Strengthening Management System for Chemical Substances in Products

Coway strengthens its capacity for managing hazardous substances through various means, such as strengthening standards and processes for managing the safety of chemical substances, clearly assigning the manager in charge, hiring experts, and receiving external consultations.

Establishment of Chemical Substance Review and Management System

Re-establishment of Chemical Substance Management System

Having acquired the Hazardous Substances Processing Management (HSPM) certification, Coway strengthens chemical substance management following the cycle of planning, execution, review and continuous improvement of the HSPM system. Since 2010, Coway voluntarily applies the EU/K-RoHS standard to all parts used and has their conformity verified. In 2015, Coway expanded K-RoHS response by registering 100% of service part codes and having the conformity of all products verified.
In 2016, Coway built a database to examine and inspect the use of chemical substances at business sites. The company also expanded the existing database on domestic and international laws and regulations. In 2017, Coway will expand the subject of chemical substance management from business sites to products, and actively respond to demands regarding global environmental regulations and use of chemical substances by client companies.

Proactive Research
on Chemical Substances

The United States Environmental Protection Agency (EPA) recently announced that it will include five Nitrosamine compounds on its list of regulated contaminants. Coway has confirmed that the substances in question brought no harmful effects to its products.

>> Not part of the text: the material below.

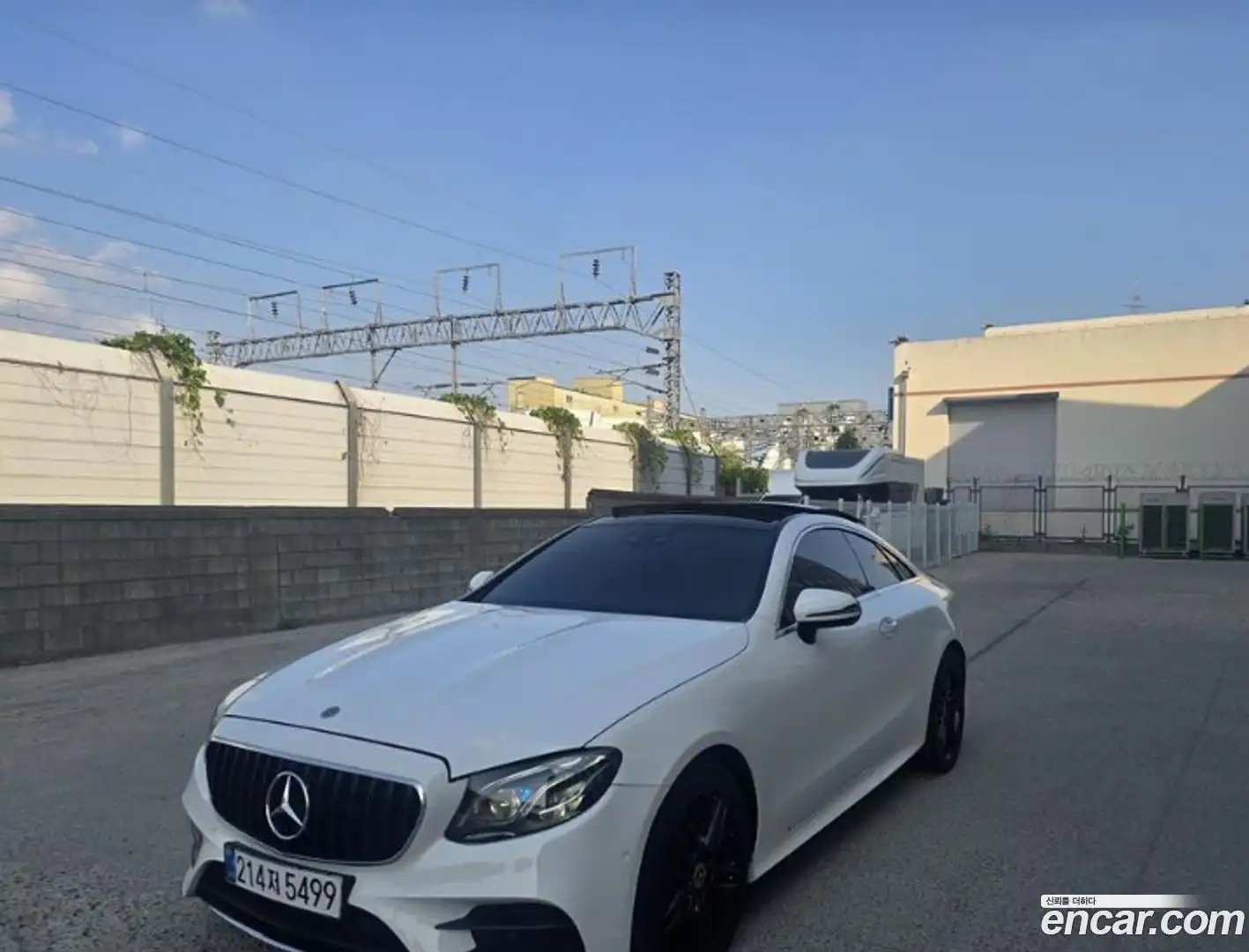 E-Class Mercedes-Benz 2017.11-OUTER-001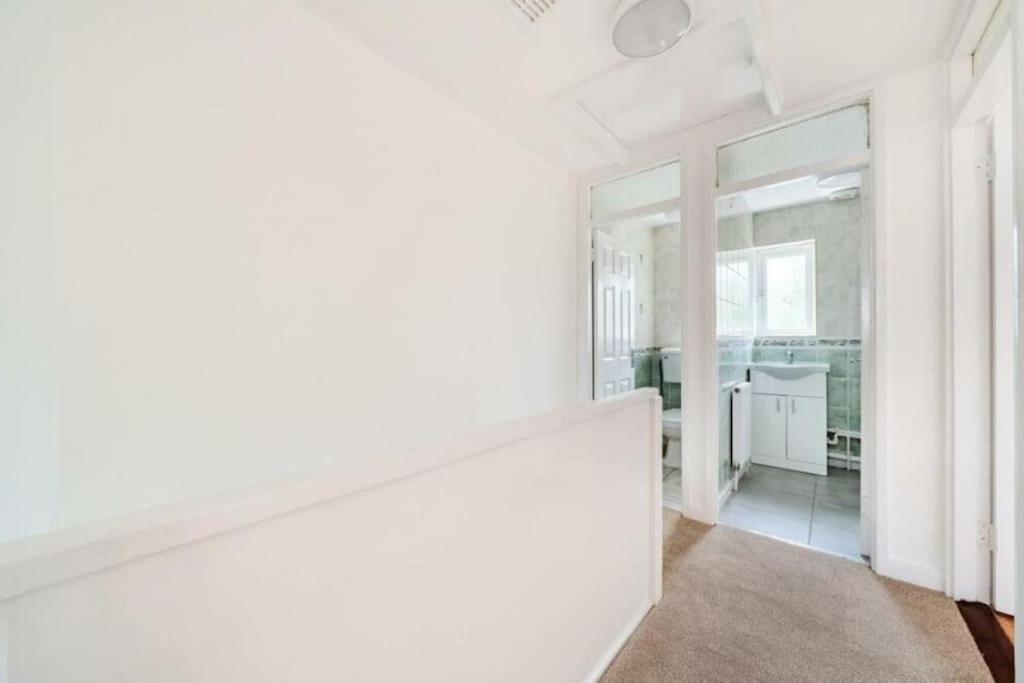 فيلا A Luxurious 3 Bed-Terrance House لندن المظهر الخارجي الصورة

Coway is currently conducting research on developing a technology that will not only detect but also remove certain substances in products. As a standard deliberation committee member of the National Sanitation Foundation (NSF), Coway has requested preliminary research and testing of the actual removal performance of carbon filters beyond EPA standards for index material Nitrosodimethylamin (NDMA), as well as discussion on adding a claim for removal performance within NSF standards.